Aunque expulsando a los pobres de las calles, también se los puede desterrar de
la comunidad netamente humana: del mundo de los deberes éticos. Esto se logra
reescribiendo sus historias con el lenguaje de la depravación en lugar de
utilizar el de la privación. Los medios de prensa colaboran alegremente con la
Policía presentando a un público ávido de sensaciones escabrosas imágenes de
“elementos criminales” infectados por el delito, la droga y la promiscuidad
sexual, que buscan refugio en la oscuridad de sus inaccesibles guaridas y
sórdidas calles. Cada vez que se detecta y se da a conocer una falla en el
orden normal, los pobres se erigen en “los sospechosos de siempre”, con el
ruidoso acompañamiento de un público indignado y vociferante. Entonces, el
argumento es que el problema de la pobreza constituye principalmente (y quizás
exclusivamente) un problema de ley y orden, y la respuesta que debe dársele es
la misma que se le da a otro tipo de violaciones a la ley.
Excluidos de la
comunidad humana, excluidos de la conciencia pública. Sabemos lo que podría
suceder cuando esto ocurre. Hay una fuerte tentación de sacarse de encima un
fenómeno degradado a la categoría de auténtico incordio, que no puede ser
rescatado, ni siquiera mitigado, por ninguna consideración ética hacia el otro
lastimado, ofendido y que sufre; el paisaje perfecto quedaría arruinado por
tratar de quitar una mancha del lienzo intacto.

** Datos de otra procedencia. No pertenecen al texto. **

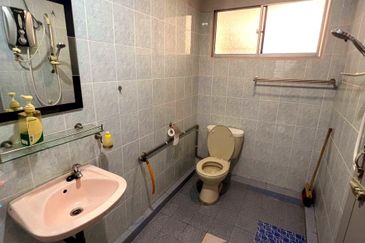 Le Courts Desa Tambun Apartment For Rent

–A veces su pensamiento puede ser calificado
de pesimista. Esta entrevista, de alguna manera, nos puede dejar con sensación
de impotencia. ¿Cómo podría cerrar entonces?
–Hace un año participé
en el festejo del cumpleaños de Vaclav Havel, en Praga. Havel está declarando
públicamente que “la esperanza no es una pronosticación”. La esperanza tiene
poco o nada de respeto por las estadísticas, por las “tendencias” que se
calculan con pedantería y tampoco respeta la voluble “opinión de la mayoría”.
La esperanza mira y se proyecta a sí misma, como regla, más allá de hoy y
mañana e incluso mucho más allá de las próximas elecciones. Es por esta razón
que la mayoría de los políticos avezados no se metería con ella. Havel, que
prácticamente sin ayuda logró derrocar uno de los regímenes más deprimentes y
siniestros del bando comunista, no contaba con bombarderos, portaaviones,
misiles inteligentes marines… Todas esas armas que, según nos dicen, son las
que deciden el curso de la historia. Sólo tenía tres armas: esperanza, coraje y
obstinación. Son armas primitivas, nada en ellas es de alta tecnología. Y son
las armas más mundanas, más comunes:
todos las tenemos, como mínimo desde la era paleolítica. Lo que sucede
es que las utilizamos poco, demasiado poco…
Es por esto que
creo que los obituarios de los intelectuales son groseramente exagerados… Yo
preferiría el anuncio de renacimiento/rejuvenecimiento eterno de Franz Kafka:
“Si no encuentra nada en los corredores, abra las puertas; si no encuentra nada
detrás de esas puertas, hay más pisos para recorrer, y si tampoco encuentra
nada más arriba, no se preocupe, salte al siguiente tramo de escaleras.
Mientras no pare de subir, las escaleras no terminarán, debajo de sus pies
trepadores siempre habrá escaleras para seguir subiendo”.